The index test (rapid POC-test) used was run according to the manufacturer's instructions (COVID-19 IgG/IgM Rapid Test Cassette; Product/Model: GCCOV-402a, Lot no. 2,003,287 (Lot A) and Lot no. 2,004,156 (Lot B); Zhejiang Orient Gene Biotech Co Ltd., Huzhou, Zhejiang, China/Healgen Scientific LLC, Houston, USA) [9] . The POC-test is based on S1 and targets anti-S1 IgM and IgG. Briefly, 5 µL of serum was added to the test slide, followed by 80 µL of the buffer provided in the kit. The results were read after 10 min (max 15 min) by the naked eye. Test results were blinded to the assessors of the index test, as well as to the assessors of the reference standard.

Only index tests in which the control line changed color were regarded as valid (no test was excluded from analysis). If a line was observed for IgM and/or IgG, the test was considered positive. The intensity of the color was not judged. Sample sizes were determined in order to comply with the recommendations from the Swedish Public Health Agency for the validation of COVID-19-related serological assays [10] . The sensitivity of the index test was calculated as the proportion of index positives among reference positives, and specificity as the proportion of index negatives among reference negatives. The Wilson Score method was used to calculate 95% confidence intervals (95% CI). Analyses were performed with STATA v.13.1 (StataCorp, TX, USA). Plots for positive and negative predictive value (PPV; NPV) at different prevalence levels were created in R v.4.0.0 (R Core Team, 2020), using the ggplot2 package [11] . The reporting of results was made according to the 2015 Standards for Reporting Diagnostic Accuracy (STARD) statement [12] .

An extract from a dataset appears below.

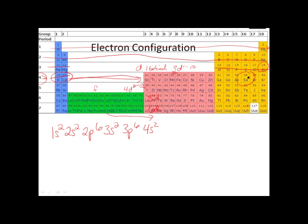Remember we're on our way over here to element 34, to selenium, so we've got to pass through the d's. The only thing you need to remember is that when you see the d's, there's always one behind. So it's 3d10, and then we get to the p block: 1, 2, 3, 4. So we end in 4p4. And it's 4 because it's in the fourth row — period 1, period 2, period 3, period 4. So it's 4p4.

One hundred serum samples from 52 COVID-19 patients and 48 convalescents, confirmed by RT-qPCR (n = 90) and/or by serology (n = 89), had an MFI ≥ 900 (range: 998-6477; median: 3590) for anti-S1 IgG. Of those, 74 had an MFI ≥ 700 (range: 738-5916; median: 2492) for anti-S1 IgM. None of the 200 negative control samples tested positive for anti-S1 IgM and IgG (MFI < 300). A flow diagram of the sampling is depicted in Figure 1 . 

With the index test, none of the 200 negative sera from blood donors and infants tested IgM positive (0/200, 0% (95% CI: 0.0%-1.9%)), while one tested IgG positive (1/200, 0.5%, (95% CI: 0.1%-2.8%)). This was the case in both production lots tested (Tables 1 and 2 ). The single IgG-positive sample was re-analyzed and remained IgG positive in the second test in both lots. Of the 74 IgM-positive samples, five tested IgM negative (5/74, 6.8% (95% CI: 2.9%-14.9%)) in Lot A and nine (9/74, 12.2% (95% CI: 6.5%-21.5%)) in Lot B. Of the 100 IgG-positive samples, seven tested IgG negative (7/100, 7.0% (95% CI: 3.4%-13.7%)) in Lot A while none tested IgG negative in Lot B (0/100, 0% (95% CI: 0.0% to 3.7%)). The MFI of the false IgG negatives in Lot A ranged 998-3453. The MFI of the false IgM negatives ranged 761-1340 and 738-1641 for Lot A and B, respectively. 

Based on the results described above and summarized in Tables 1 and 2, the index test had a sensitivity of 87.8% and 93.2% for IgM and 93.0% and 100% for IgG ( Table 3 ). The test exhibited an overall specificity of 100% for IgM and 99.5% for IgG. The PPV (probability of having been infected and having antibodies given a positive test result) was 100% for IgM and 98.9% and 99.0% for IgG. The NPV (probability of not yet been infected and not having antibodies given a negative test result) was 95.7% and 97.6% for IgM, and 96.6% and 100% for IgG. To evaluate the effect of disease prevalence on the reliability of the results of the index test, the positive and negative predictive values were plotted as a function of prevalence using the values for sensitivity and specificity in Table 3 ( Figure 2 ). For both production lots and antibody types, positive and negative predictive values (PPV; NPV) remained high over a broad prevalence range. Table 3 . IgG, immunoglobulin G; IgM, immunoglobulin M; Sens, sensitivity; Spec, specificity.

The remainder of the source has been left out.